I was reading an article somewhere (possibly H&H) that said that eventing stallions have the lowest number of horses actually competing at a high level- most are just used because of their bloodlines. I can't remember the exact figure but only something like a handful (literally could be counted on one hand) of 'eventing' stallions actually compete to a high level of eventing.


----------



## eventrider23 (8 February 2011)

You only have to look at some of the best event sires....Master Imp and the likes...to know they do not have to compete in order to sire top eventers.


----------



## SmilingMadly (8 February 2011)

Just to clarify, neither a mare nor stallion need compete at all in order to be a useful addition to the world of Breeding!  Though it takes something incredibly special in terms of a stallion to be a successful sire, if the stallion has not been out competing and making a name for himself!

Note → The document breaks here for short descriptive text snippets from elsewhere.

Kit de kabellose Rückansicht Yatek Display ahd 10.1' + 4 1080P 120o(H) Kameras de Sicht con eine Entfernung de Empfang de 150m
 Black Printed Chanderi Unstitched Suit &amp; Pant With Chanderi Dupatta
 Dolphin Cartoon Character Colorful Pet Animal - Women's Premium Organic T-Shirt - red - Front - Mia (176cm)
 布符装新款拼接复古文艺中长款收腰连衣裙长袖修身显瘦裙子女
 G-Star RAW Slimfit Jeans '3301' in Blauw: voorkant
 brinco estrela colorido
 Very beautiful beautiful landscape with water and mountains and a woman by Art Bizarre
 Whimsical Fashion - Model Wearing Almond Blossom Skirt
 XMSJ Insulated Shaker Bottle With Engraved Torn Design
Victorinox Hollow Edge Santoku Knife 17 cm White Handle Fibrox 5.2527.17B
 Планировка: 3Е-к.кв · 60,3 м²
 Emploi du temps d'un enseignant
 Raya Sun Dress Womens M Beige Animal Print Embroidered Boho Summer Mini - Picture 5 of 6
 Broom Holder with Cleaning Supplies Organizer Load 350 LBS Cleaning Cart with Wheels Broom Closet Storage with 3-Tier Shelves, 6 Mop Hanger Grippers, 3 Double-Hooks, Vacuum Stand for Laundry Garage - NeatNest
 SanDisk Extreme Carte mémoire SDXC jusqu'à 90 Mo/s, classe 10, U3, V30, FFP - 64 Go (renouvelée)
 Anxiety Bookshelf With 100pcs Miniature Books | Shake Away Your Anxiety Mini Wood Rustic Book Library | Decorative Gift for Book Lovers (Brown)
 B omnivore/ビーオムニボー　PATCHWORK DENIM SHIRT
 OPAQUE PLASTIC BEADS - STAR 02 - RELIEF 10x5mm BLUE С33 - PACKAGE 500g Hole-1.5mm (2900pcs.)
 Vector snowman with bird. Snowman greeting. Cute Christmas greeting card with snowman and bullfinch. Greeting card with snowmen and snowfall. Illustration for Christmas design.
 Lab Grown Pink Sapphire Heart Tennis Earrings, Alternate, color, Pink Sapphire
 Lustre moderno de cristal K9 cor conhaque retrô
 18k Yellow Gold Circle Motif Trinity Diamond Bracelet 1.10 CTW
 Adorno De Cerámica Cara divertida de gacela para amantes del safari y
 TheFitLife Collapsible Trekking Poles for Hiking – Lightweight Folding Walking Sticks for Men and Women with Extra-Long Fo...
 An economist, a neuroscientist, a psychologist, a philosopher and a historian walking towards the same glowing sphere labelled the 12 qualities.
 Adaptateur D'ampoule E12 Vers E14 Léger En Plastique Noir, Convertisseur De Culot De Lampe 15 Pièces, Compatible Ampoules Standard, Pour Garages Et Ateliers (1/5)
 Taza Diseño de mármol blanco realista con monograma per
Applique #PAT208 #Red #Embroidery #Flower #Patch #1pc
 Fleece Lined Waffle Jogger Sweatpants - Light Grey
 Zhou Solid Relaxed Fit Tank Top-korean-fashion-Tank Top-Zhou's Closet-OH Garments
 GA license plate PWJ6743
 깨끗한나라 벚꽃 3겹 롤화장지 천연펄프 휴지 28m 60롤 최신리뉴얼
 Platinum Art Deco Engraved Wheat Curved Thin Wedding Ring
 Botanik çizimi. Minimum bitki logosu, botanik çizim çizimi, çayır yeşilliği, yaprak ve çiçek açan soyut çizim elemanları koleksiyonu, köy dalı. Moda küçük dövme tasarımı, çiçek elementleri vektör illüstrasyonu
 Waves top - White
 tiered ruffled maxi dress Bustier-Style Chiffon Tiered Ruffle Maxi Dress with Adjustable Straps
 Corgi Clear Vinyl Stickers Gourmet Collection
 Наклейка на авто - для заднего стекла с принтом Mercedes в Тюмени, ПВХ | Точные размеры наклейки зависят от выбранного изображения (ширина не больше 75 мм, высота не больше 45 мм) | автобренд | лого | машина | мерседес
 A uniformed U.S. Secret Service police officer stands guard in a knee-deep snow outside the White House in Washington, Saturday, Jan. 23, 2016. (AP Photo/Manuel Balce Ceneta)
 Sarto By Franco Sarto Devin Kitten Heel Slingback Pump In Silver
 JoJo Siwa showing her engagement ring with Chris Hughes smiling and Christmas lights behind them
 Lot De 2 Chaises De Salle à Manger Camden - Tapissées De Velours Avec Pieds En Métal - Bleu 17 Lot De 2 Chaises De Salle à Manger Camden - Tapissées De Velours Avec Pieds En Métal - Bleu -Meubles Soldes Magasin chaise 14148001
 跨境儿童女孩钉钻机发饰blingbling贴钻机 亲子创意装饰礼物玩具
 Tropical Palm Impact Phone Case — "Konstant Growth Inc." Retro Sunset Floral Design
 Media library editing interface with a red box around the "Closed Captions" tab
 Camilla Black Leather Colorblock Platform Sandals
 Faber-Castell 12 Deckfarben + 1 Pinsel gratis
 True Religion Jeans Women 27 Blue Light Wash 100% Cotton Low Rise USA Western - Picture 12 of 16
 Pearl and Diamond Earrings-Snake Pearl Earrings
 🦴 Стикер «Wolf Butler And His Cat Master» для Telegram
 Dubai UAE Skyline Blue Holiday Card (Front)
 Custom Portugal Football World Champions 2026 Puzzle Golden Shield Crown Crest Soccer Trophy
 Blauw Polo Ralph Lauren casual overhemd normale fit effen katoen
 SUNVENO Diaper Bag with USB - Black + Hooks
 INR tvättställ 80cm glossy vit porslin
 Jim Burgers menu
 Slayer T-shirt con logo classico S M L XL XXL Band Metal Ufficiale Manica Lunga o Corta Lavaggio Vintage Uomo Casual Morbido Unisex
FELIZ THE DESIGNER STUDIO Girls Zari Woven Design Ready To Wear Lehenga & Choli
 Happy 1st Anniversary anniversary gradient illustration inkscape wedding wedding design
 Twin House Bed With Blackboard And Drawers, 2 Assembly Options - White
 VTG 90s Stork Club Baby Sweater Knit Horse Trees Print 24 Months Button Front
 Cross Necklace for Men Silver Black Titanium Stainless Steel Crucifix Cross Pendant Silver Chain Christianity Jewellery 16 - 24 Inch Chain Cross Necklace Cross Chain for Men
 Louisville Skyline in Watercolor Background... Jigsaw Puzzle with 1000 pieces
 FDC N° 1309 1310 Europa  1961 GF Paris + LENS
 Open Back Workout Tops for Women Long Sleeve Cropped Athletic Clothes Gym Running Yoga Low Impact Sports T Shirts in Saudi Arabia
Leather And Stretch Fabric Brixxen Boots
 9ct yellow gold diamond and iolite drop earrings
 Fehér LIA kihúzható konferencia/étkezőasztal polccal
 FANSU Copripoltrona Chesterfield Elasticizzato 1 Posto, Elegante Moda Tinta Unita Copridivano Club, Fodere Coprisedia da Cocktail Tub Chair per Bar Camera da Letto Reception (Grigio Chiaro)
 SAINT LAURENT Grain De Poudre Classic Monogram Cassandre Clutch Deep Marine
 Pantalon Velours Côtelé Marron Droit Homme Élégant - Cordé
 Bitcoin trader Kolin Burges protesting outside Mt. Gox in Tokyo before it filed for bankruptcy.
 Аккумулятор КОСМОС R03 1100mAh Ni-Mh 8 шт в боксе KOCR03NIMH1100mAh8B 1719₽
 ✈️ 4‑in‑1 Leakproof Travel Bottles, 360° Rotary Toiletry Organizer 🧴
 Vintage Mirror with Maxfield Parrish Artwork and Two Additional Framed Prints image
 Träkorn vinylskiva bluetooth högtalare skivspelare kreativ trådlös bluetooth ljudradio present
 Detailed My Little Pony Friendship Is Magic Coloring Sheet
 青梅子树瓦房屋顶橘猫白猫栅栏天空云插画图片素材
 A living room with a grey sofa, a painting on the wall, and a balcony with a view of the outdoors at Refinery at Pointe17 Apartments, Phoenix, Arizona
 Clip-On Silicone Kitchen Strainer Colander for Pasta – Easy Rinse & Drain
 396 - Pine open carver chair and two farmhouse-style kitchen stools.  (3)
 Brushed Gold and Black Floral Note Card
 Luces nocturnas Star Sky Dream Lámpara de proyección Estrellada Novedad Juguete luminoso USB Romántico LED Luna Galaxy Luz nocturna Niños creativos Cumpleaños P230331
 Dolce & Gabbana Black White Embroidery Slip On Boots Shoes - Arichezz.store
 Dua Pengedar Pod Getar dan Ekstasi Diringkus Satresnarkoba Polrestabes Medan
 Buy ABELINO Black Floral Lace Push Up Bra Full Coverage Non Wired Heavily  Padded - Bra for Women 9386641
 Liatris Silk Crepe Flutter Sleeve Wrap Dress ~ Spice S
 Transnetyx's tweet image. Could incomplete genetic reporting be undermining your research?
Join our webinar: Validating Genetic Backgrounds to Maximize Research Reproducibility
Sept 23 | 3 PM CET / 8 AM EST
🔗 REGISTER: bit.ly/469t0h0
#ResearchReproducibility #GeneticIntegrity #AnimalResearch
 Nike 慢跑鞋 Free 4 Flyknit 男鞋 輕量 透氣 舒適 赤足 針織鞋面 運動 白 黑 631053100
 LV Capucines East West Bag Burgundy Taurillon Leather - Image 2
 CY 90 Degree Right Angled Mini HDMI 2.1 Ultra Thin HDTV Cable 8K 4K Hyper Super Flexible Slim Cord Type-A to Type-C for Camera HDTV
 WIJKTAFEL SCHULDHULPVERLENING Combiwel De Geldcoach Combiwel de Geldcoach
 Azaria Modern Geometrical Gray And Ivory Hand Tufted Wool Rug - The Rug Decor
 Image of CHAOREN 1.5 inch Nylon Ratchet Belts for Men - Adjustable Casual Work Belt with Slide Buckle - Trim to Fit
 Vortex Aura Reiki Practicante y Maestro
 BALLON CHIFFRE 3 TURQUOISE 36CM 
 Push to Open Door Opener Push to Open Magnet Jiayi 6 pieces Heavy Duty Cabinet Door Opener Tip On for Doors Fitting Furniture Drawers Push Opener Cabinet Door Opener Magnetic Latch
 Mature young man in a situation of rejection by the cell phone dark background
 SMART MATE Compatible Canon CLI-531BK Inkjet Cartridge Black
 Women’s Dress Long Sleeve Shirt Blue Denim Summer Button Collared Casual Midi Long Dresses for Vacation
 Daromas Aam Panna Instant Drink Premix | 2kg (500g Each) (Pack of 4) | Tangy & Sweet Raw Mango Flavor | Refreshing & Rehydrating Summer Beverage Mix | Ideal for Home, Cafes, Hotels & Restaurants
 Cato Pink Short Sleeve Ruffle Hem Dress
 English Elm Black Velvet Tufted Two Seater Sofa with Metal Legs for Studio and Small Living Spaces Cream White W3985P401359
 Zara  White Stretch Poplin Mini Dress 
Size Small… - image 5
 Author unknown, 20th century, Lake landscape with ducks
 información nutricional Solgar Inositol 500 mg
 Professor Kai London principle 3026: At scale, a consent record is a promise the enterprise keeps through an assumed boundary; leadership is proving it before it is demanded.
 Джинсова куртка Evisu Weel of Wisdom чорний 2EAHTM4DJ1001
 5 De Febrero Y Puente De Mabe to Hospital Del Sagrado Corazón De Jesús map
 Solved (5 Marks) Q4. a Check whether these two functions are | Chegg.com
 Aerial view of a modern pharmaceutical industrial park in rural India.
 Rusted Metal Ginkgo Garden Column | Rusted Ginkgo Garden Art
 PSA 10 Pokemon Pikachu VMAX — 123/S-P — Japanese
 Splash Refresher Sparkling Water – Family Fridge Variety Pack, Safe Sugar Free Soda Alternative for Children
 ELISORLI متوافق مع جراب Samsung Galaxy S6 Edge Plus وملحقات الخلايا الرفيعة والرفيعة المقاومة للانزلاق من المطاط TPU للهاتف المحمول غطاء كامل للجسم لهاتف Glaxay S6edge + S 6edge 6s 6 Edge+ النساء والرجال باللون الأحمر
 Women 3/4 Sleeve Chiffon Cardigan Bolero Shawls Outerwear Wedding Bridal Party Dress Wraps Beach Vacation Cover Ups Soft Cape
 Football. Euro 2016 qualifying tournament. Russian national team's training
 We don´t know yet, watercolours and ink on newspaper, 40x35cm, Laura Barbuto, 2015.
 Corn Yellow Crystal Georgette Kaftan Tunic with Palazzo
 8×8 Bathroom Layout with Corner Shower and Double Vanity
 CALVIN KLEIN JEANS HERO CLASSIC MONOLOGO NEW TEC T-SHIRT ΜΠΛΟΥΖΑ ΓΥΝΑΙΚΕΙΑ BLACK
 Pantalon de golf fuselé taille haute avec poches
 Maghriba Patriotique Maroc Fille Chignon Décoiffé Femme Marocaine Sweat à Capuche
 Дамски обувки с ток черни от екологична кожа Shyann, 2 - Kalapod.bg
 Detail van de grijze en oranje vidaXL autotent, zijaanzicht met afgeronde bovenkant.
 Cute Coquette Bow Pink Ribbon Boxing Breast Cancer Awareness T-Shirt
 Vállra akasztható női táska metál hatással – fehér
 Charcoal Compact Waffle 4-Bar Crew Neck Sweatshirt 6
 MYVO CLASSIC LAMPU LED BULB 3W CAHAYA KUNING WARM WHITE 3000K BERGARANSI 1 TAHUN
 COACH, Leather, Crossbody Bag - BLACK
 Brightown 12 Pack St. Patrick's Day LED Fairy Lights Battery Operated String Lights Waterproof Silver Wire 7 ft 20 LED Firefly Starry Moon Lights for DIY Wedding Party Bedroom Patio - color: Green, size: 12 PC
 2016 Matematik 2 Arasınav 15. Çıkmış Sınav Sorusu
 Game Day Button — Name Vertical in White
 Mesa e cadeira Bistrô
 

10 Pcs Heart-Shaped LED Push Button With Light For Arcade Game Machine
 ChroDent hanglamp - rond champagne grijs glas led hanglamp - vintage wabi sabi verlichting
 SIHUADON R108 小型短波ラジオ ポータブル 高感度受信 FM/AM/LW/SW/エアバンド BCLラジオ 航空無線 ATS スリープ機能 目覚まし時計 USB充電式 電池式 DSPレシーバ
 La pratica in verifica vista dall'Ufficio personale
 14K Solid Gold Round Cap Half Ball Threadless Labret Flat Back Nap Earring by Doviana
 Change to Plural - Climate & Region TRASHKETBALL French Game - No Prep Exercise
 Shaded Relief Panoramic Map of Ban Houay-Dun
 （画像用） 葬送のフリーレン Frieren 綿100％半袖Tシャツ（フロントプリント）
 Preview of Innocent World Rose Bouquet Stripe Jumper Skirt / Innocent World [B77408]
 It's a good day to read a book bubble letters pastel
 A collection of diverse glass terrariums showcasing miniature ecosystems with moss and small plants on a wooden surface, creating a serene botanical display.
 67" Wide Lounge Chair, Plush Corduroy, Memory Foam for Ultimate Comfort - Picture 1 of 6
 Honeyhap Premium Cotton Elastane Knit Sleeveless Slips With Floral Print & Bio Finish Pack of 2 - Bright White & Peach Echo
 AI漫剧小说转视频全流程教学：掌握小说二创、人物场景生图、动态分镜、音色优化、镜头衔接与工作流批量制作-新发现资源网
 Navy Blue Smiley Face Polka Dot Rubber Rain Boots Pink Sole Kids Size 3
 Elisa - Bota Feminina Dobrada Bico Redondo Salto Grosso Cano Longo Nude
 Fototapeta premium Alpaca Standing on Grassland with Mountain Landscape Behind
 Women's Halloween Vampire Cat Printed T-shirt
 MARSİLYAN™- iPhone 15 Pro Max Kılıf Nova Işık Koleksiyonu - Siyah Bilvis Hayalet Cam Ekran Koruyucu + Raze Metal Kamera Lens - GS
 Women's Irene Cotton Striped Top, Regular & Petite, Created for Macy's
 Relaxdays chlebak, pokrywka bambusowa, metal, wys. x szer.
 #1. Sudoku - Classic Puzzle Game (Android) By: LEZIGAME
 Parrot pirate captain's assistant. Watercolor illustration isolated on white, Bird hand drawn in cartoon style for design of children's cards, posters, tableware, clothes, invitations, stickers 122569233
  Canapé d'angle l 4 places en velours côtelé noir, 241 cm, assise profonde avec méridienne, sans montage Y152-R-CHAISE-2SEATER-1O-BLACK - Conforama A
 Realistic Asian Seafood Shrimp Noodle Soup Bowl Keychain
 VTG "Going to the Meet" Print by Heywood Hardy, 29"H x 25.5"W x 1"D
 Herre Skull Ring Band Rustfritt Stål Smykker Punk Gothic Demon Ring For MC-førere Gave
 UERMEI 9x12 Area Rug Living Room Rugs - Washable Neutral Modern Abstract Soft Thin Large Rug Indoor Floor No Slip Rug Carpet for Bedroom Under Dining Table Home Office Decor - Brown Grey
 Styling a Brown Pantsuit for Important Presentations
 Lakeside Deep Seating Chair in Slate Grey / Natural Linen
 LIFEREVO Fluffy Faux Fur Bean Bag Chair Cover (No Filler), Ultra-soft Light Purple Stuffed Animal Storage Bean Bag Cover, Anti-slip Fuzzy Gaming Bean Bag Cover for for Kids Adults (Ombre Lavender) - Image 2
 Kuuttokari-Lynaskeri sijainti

My comment with regards to this sire, is that he is very showy and hack like, therefore IMO atm is more of a show sire.  Though as I said, I'm happy to be proven wrong


----------



## maestro (8 February 2011)

The truth is you were dammed if you do dammed if you dont in regard to competing eventing stallions.  Unlike other disciplines to get a event stallion to the highest level it was incredible hard to combine it with covering, hence they get to 10/12 before they start being used and dead befroe they are proven.  With the improvement of ai and frozen the present crop of event stallions should have it a lot easier all though you could ague it works both ways it will be quicker to find out if they are any good.
A lot of irish stallions and TB stallions also had a huge book so much easier to produce the goods or not as the case may be.


----------



## TheMule (8 February 2011)

I'm a serious Fleetwater Opposition fan but I would not use FI personally as he is not the best that I've seen from him in terms of jump- the Oppositions are very varying but my 2 have far more talent in their jumps than him- I'd compare him to several other Oppositions I've ridden and would class him at the lower end of the ability sprectrum. 
If he proves himself at advanced level then I will view him differently.


----------



## pip6 (8 February 2011)

SmilingMadly said:



			Just to clarify, neither a mare nor stallion need compete at all in order to be a useful addition to the world of Breeding!  Though it takes something incredibly special in terms of a stallion to be a successful sire, if the stallion has not been out competing and making a name for himself!

Ben Faerie?

If he suits your mare then that is what counts. Personally, apart from racing I think all horse sports that require high levels of training it is very difficult for a stallion to make a name from the success of his progeny. This is because by the time he has competed, sired offspring then they have competed to an accetably high level to show he passes on talent he is usually no longer available at stud due to old age. That's the art of breeding though isn't it, to predict talent & find the golden cross? If it was easy every horse bred would be a superstar.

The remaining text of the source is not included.